- Artist: Fernand Léger
- Year: 1920
- Medium: Oil on canvas
- Dimensions: 114.5 cm × 145 cm (45.1 in × 57 in)
- Location: Museum of Grenoble; Grenoble;

= The Tugboat (Léger) =

Painting by Fernand Léger

The Tugboat (French: Le Remorqueur) is an oil on canvas painting by French painter Fernand Léger, from 1920. It is held at the Museum of Grenoble, which purchased it from the artist, in 1928.

==History and description==
Léger was impressed by the universal exhibitions of the early 20th century. Like Marcel Duchamp, he was inspired by the machines that he saw at the fourth exhibition of aerial locomotion, which took place in Paris just before the First World War.

In December 1919, Léger wrote to his dealer, Daniel-Henry Kahnweiler: “I have used a lot, these two years, of mechanical elements in my paintings. I find there an element of variety and intensity, modern life is full of events for us, we have to know how to use them".
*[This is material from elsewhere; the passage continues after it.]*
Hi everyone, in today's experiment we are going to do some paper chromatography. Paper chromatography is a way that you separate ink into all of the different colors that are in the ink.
Léger uses an abstraction of colored areas and geometric shapes nested within each other to represent a tugboat. Three men appear in the image, being small and painted in grayscale, they blend into the ship and its environment. One of them, accompanied by his dog, is drawn from tubular shapes. The composition is both vertical and horizontal and no hierarchy is shown: it is a fragmented and colorful vision of the world which seeks to symbolize modernity and technical progress.
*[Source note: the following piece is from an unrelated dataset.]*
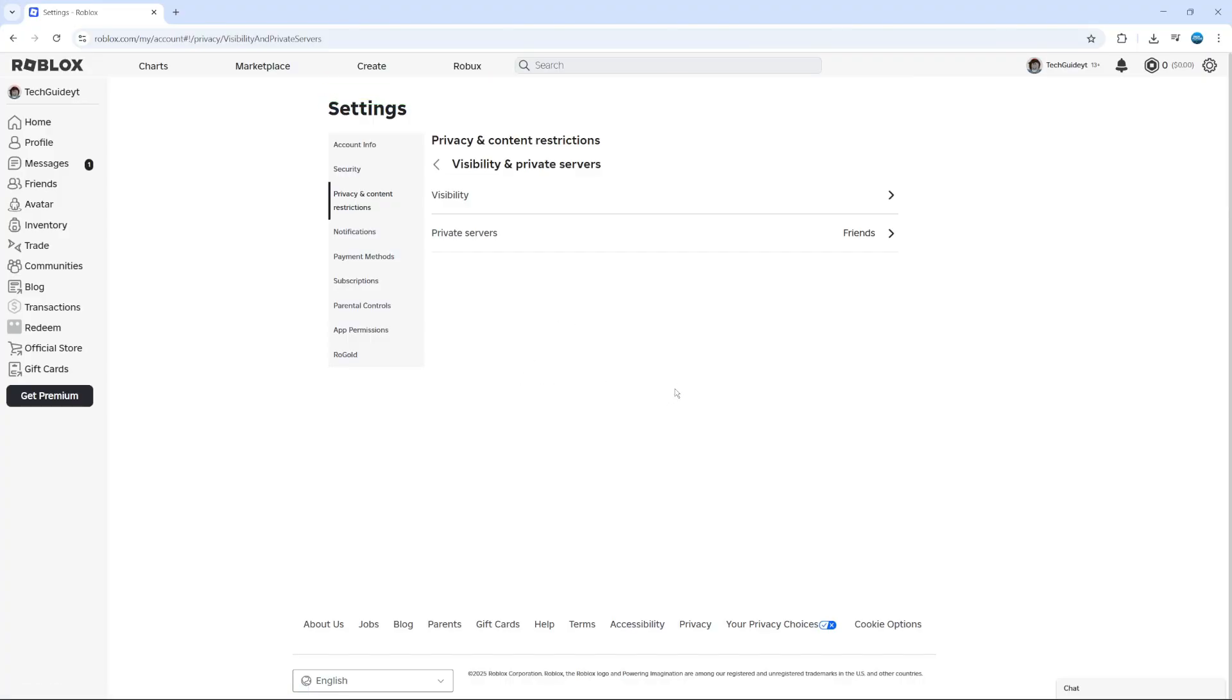Now by doing this, this should resolve error code 524 on Roblox and allow you to now join experiences without having the error code come up. So that's how to fix Roblox error code 524.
As is often the case in the work of Léger, in this painting industrial landscapes are translated into cubic, cylindrical or tubular shapes in bright colors, agreeing with the principles of futurism without sharing its extravagance. The painting Le Remorqueur is an illustration of his desire to use the machine as a potential art medium . Without being futuristic, the work is not cubist either: it represents a narrative subject, retains a third dimension and color has real importance.

In this painting, Léger responds to the monotony of blue-collar work with an attempt to sublimate urban and industrial reality. In the painting, modern man blends into his industrial landscape, an image of the perfect symbiosis between man and the objects that he mass-produces. Léger uses very colorful advertising posters as a model to “give happiness to men by making visible the beauties of the modern world”, playing on the contrast between bright colors and very rigorous geometric shapes.